Come funziona «Scuola in chiaro»
Bastano pochi passaggi per visualizzare la mappa delle scuole disponibili sul proprio territorio, in un raggio da 1 a 30 Km. Su «Scuola in chiaro», poi, è possibile conoscere, per esempio, l’offerta formativa dell’istituto (che da quest’anno in avanti si chiamerà «Poft», Piano triennale dell’offerta formativa, come previsto dalla legge 107). Per la scuola primaria e secondaria di primo grado si potrà vedere anche il “tempo scuola”; mentre nelle scuole superiori, tutti gli indirizzi specifici di studio. Attraverso «Scuola in chiaro» si potrà cercare anche un centro di formazione professionale regionale sul territorio nazionale; mettere a confronto l’offerta formativa degli istituti selezionati; accedere direttamente ad alcuni servizi legati alla ricerca di scuole come, appunto, le «Iscrizione on-line».

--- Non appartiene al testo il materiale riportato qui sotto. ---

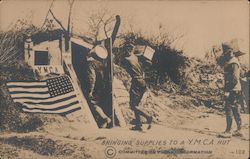 Bringing supplies to a Y.M.C.A. hut. Men in uniform carrying boxes, barrels World War I Postcard Postcard Postcard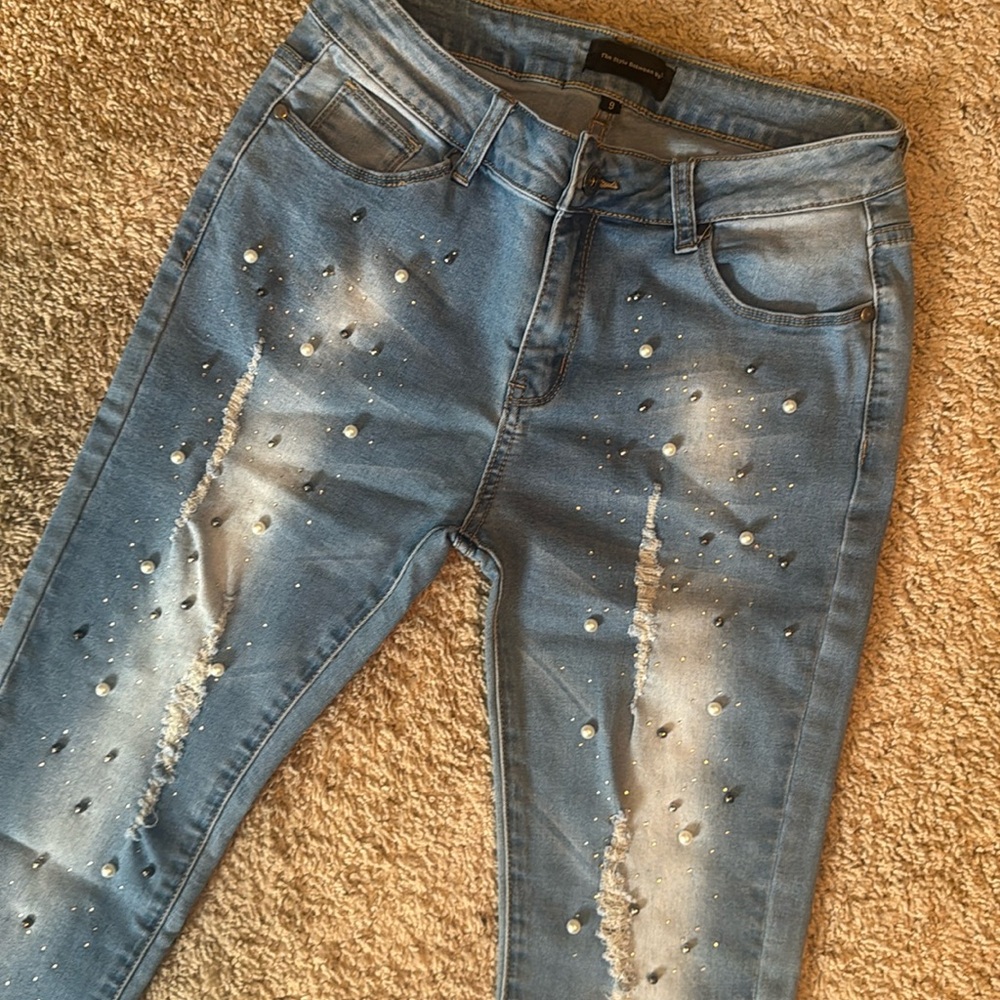 Distressed jeans with a pearl and sparkle decor. Fringe hem bottom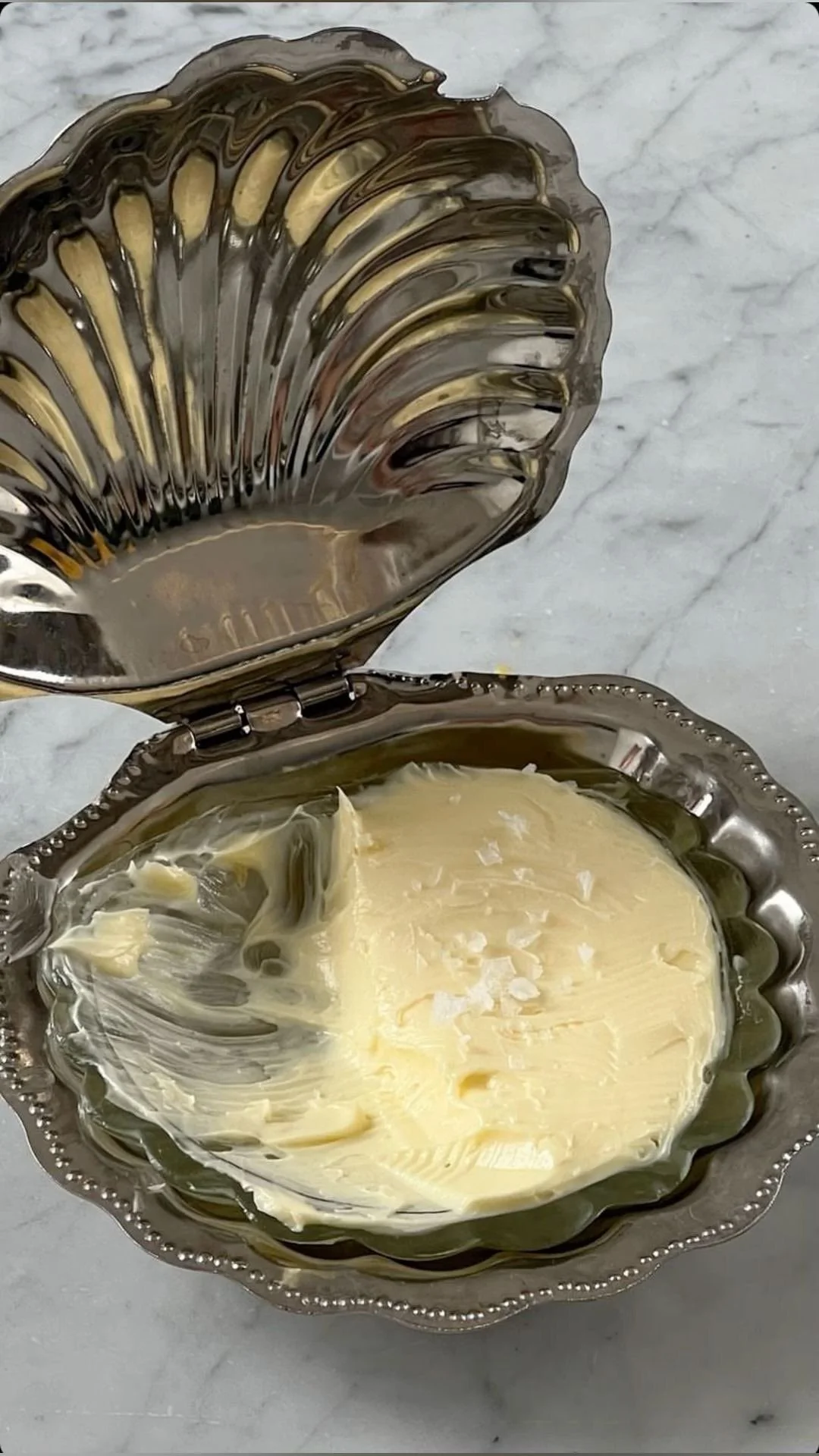 Butter in a silver shell dish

Da quest’anno c’è anche il «Rav»
Da quest’anno, sempre su «Scuola in chiaro», è possibile consultare il Rapporto di autovalutazione (Rav) di ciascun istituto che contiene informazioni preziose per la scelta delle famiglie: gli esiti degli studenti, la loro prosecuzione negli studi o nel mondo del lavoro, elementi sull’organizzazione del curricolo, l’organizzazione oraria.

Il nuovo «Poft»
Il progetto didattico della scuola è invece reperibile nel «Piano dell’offerta formativa» che, per effetto della riforma, come detto, diventa da quest’anno triennale. Il piano è il documento fondamentale costitutivo dell’identità culturale e progettuale delle istituzioni scolastiche e contiene la progettazione curricolare, extracurricolare, educativa e organizzativa che le singole scuole adottano nell’ambito della loro autonomia. I nuovi Piani triennali saranno disponibili sui portali delle singole scuole e, ovviamente, su «Scuola in chiaro» in concomitanza con il periodo di inizio delle iscrizioni.

Le novità della riforma: l’alternanza e le lingue
Il «Poft», sia nei licei che negli istituti tecnici e professionali, dovrà prevedere, nel secondo biennio e nell’ultimo anno della scuola secondaria di secondo grado, un piano integrato di alternanza scuola-lavoro che, sulla base di un rapporto costante con i vari attori sparsi sul territorio e di un’attenta analisi dei fabbisogni, favorisca sia l’orientamento in uscita per il proseguimento degli studi che un proficuo inserimento nel mondo del lavoro.

Altrettanta importanza riveste l’acquisizione, da parte dello studente, del senso di appartenenza ad una comunità internazionale; perciò si auspica che venga dato il necessario rilievo allo sviluppo delle competenze nelle lingue straniere, fin dalla scuola primaria, anche attraverso esperienze di scambio con l’estero. Nel «Poft» dovrà essere esplicitato, dunque, il curricolo di scuola che prevede anche la definizione di strumenti, criteri e modalità per la valutazione degli apprendimenti che, in coerenza con i risultati delle rilevazioni standardizzate nazionali, ha la finalità di innalzare i livelli di istruzione e le competenze degli studenti.